As a result humanists tailor their approaches to individuals
not on the basis of the individual's disorder, but on the
basis of the individual as a unique person. Work done with one
person presenting as depressed might be more similar to work
with a person labeled as schizophrenic than to that done with
another person presenting as depressed. Because all humans
think, experience, value, have aspirations and wishes, engage
themselves in life, and make choices, the kinds of experiences
humanistic therapists provide could be useful, regardless of
an individual's diagnosis. Outcome possibilities Psychological
problems, or problems in living, are ultimately resolved by
helping individuals develop more complex, integrative,
balanced, honest, and courageous ways of living, i.e. through
psychological growth. Psychological growth consists of
creating more deep and complex integrative modes of relating
to self and to others, and of new stances of meaning. The goal
is not primarily to remedy dysfunction, although humanistic
therapists acknowledge problematic behavior and experience and
help clients stay with it and learn from it. At times
humanistic psychologists may even use symptom-focused
procedures to help alleviate problem behaviors and experience,
but this is done as part of the larger context of exploring
broad personal issues and problems of meaning. Problems
in living are often not isolated entities in themselves to
simply be removed. As individuals confront issues concerning
their basic values and engagement in the world, they will also
confront issues relating to their problems. In some cases
problems in living can be modified by focusing on the
enhancement of people's resources and the fulfillment of their
potential, without therapy even addressing the issue of the
problem behaviors and experience. As an example, a person with
a physical problem, such as cancer or paralysis, can still
find ways to live a productive life. Likewise, even if
something that might be conceived of as a psychological
“disorder” has a biochemical component, individuals can
learn from the experience and incorporate it into their lives
in a functional (or even creative) manner.
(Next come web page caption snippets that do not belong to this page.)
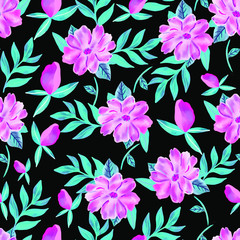 Vector illustration of a seamless floral pattern in spring for Wedding, anniversary, birthday and party. Design for banner, poster, card, invitation and scrapbook floral patron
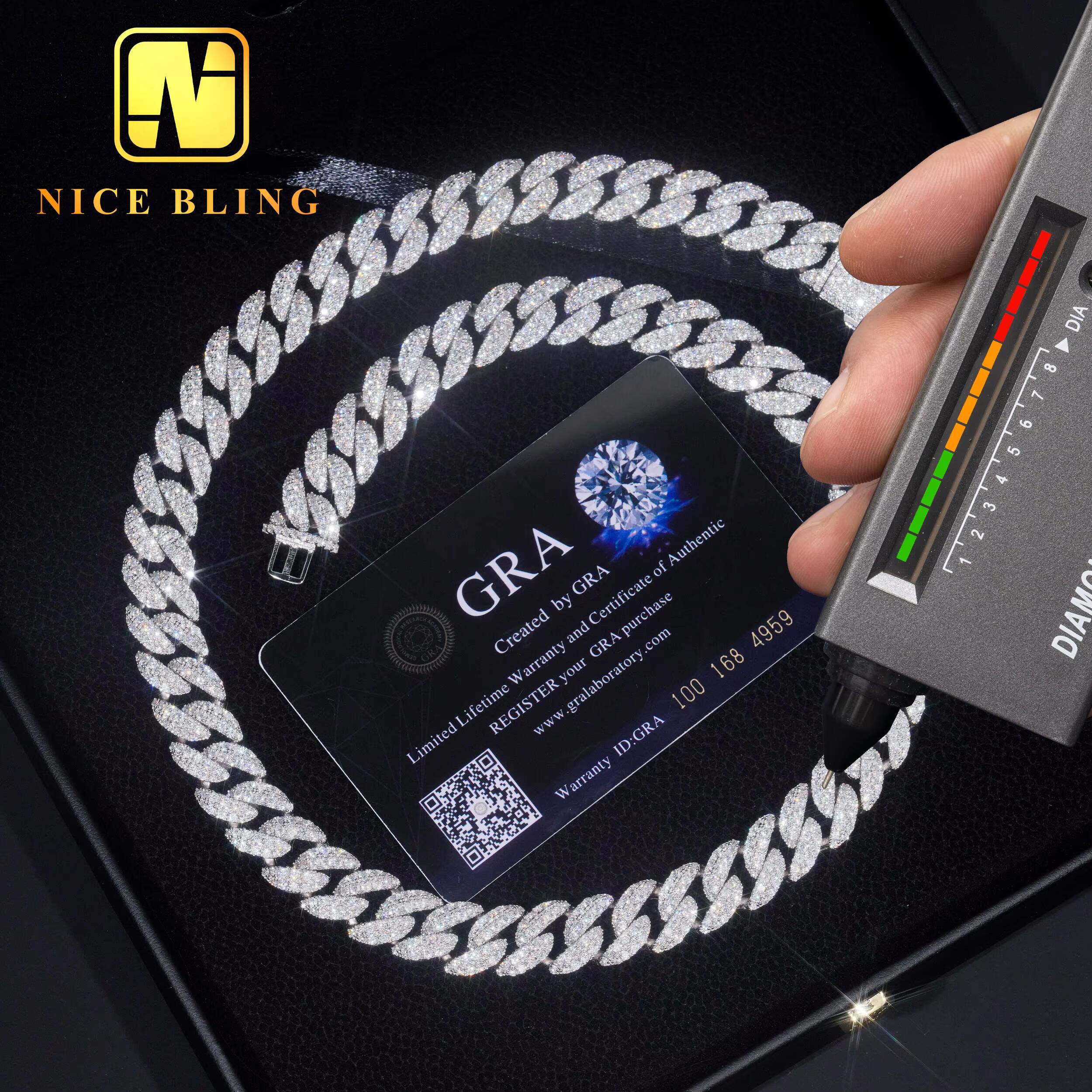 Custom Hip Hop Jewelry Necklace 13mm Diamond Iced Out Cuban Link Chain 925 Sterling Silver VVS Moissanite Necklace Bracelet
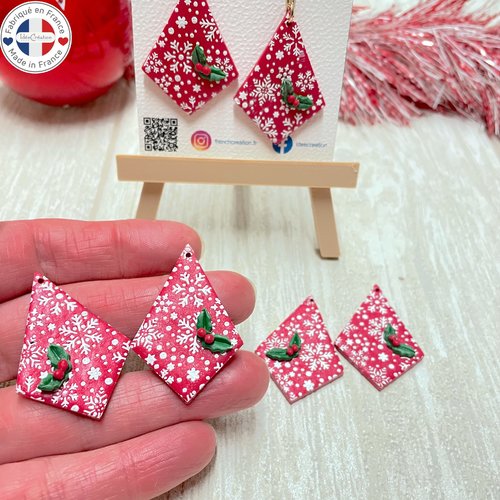 Accessoires pour boucles d'oreilles en argile polymère motif noël, lot de 2, perle plate, cabochon, intercalaire, connecteur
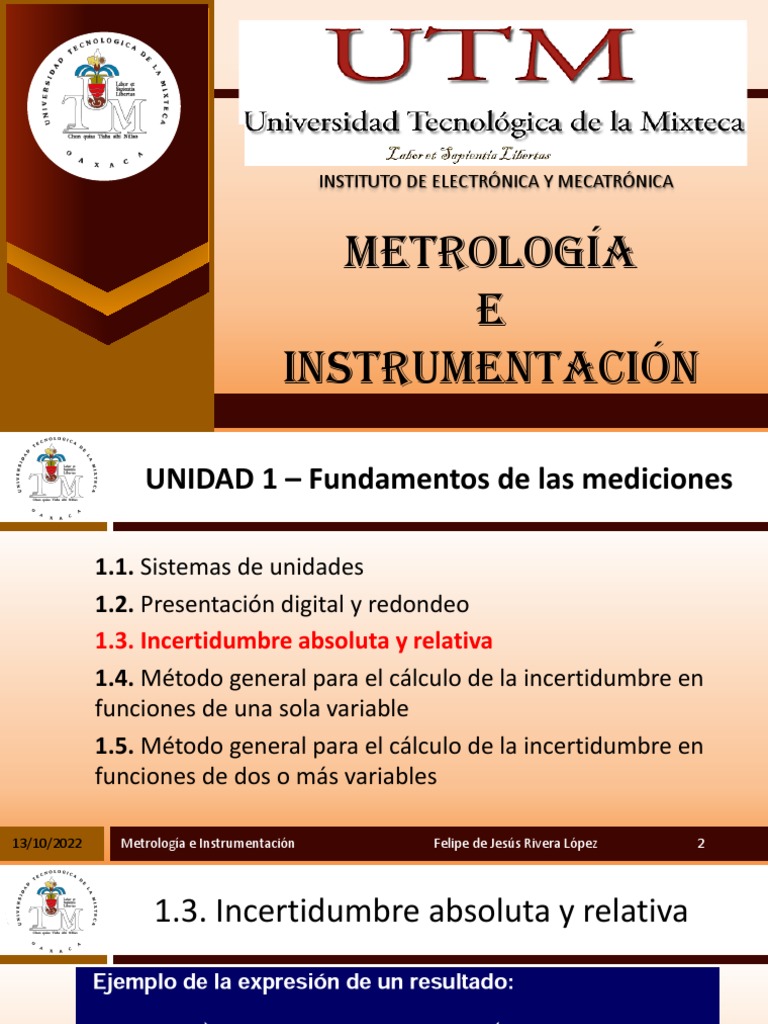 MeI - Ing Ind - 1 - 3 - INCERTIDUMBRE ABSOLUTA Y RELATIVA | PDF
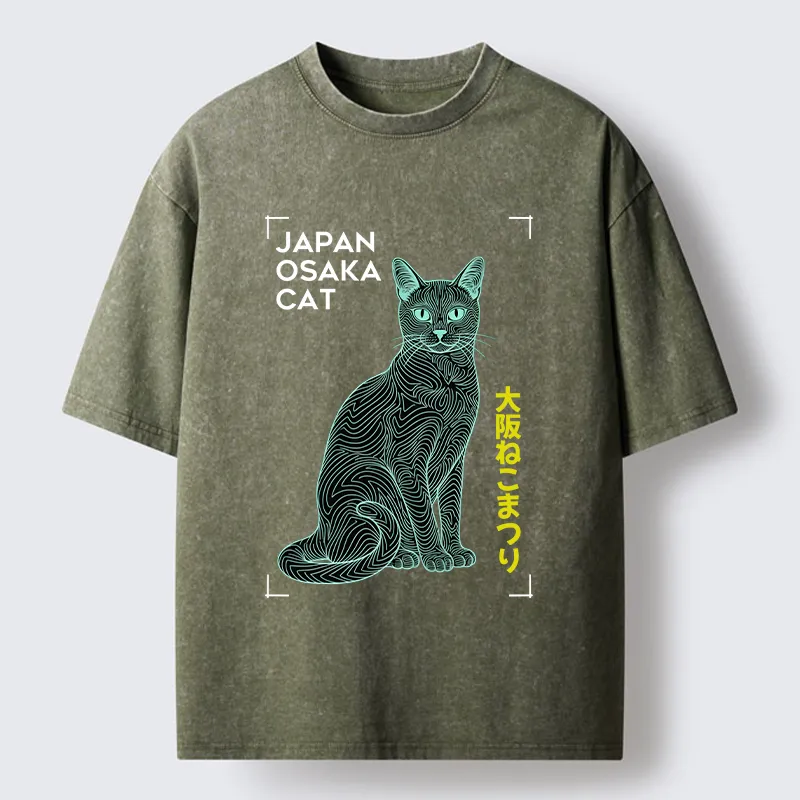 Tokyo-Tiger Line Cat Washed T-Shirt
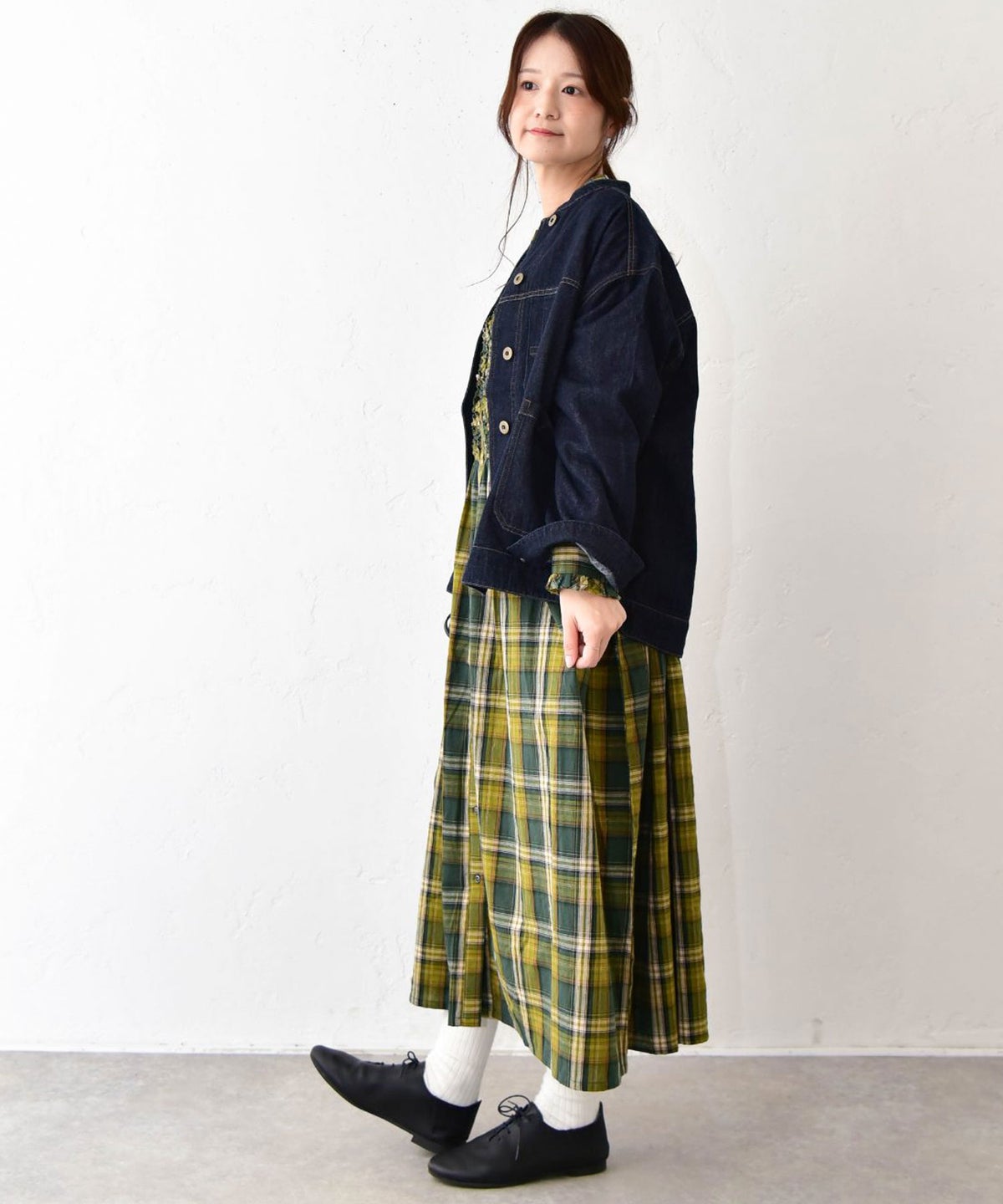 ista-ire｜コットンデニムバンドカラ―ジャケット [[3602-7770]][C]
On the other hand,
there are instances where the painful issues associated with a
symptom need to be explored, beyond the use of procedures to
facilitate symptom removal. Humanistic
therapies also value the following goals: making the
development of freedom and wholeness available to clients, to
the degree that they can engage in them; enlarging the
person's sense of possibility; helping the person become more
aware, sensitive, and capable of choice; and increasing life's
vitality—creativity, meaning, purpose, and intimacy with
self and others. The aim for many humanistic therapies is to
help clients attain a greater sense of personal freedom.
Freedom is defined as the capacity for choice within the
natural and self-imposed limits of living. Yet another goal of
humanistic therapies, if clients so wish, may be to help them
develop deeper capacities for experiencing in the ways they
relate to themselves and the world. Included in this may be
the development of transpersonal aspects of the self.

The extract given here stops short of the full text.